About this exercise
Nothing is needed except the lines below that run from the one with "Alice and olivia" through the one with "1100 Stonewall, Carson", repeated exactly.

[Extracted records]
------------------------------------

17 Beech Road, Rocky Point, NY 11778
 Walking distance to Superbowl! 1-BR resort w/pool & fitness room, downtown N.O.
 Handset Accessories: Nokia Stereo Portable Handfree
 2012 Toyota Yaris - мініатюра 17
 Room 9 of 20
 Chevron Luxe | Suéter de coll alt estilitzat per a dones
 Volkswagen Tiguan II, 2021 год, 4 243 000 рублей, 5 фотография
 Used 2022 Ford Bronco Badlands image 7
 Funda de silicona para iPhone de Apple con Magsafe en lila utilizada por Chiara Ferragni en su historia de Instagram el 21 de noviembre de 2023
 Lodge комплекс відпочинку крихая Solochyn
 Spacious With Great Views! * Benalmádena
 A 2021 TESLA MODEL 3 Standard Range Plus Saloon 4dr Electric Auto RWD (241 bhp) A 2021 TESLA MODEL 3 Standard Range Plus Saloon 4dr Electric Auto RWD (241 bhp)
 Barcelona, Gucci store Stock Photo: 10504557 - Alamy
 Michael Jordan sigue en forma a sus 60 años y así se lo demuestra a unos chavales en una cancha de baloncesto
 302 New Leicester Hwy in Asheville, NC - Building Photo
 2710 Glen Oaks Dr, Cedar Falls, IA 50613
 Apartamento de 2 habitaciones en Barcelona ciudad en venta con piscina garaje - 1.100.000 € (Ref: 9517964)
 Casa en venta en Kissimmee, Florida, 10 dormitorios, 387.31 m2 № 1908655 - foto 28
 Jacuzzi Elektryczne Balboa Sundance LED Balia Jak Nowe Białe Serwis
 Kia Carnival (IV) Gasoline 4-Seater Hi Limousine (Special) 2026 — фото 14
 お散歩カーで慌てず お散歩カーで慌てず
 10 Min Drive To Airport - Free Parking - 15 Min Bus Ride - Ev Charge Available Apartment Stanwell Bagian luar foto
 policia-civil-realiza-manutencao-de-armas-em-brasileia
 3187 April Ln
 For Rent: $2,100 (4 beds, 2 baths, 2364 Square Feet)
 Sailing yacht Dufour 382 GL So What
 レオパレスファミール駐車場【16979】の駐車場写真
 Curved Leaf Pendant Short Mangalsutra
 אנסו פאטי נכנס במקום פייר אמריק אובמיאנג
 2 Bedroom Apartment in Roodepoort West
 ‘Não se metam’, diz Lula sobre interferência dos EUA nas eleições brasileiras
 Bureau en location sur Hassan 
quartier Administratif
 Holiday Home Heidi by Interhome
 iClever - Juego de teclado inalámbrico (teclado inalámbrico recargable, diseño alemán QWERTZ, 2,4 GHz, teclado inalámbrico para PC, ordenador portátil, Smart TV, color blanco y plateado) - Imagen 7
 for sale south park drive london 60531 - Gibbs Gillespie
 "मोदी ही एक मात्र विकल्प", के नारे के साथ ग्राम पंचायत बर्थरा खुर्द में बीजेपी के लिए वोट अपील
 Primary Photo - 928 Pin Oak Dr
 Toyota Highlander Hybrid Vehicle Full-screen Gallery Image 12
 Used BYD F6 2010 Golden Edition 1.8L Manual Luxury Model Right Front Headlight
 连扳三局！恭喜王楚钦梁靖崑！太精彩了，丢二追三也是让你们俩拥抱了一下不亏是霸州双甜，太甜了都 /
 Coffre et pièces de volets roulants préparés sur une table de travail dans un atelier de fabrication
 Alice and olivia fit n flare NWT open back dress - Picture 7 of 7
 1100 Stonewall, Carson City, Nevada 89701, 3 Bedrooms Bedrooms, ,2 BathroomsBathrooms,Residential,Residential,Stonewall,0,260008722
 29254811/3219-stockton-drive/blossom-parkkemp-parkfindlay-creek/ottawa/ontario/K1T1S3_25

------------------------------------

Written response
 Alice and olivia fit n flare NWT open back dress - Picture 7 of 7
 1100 Stonewall, Carson City, Nevada 89701, 3 Bedrooms Bedrooms, ,2 BathroomsBathrooms,Residential,Residential,Stonewall,0,260008722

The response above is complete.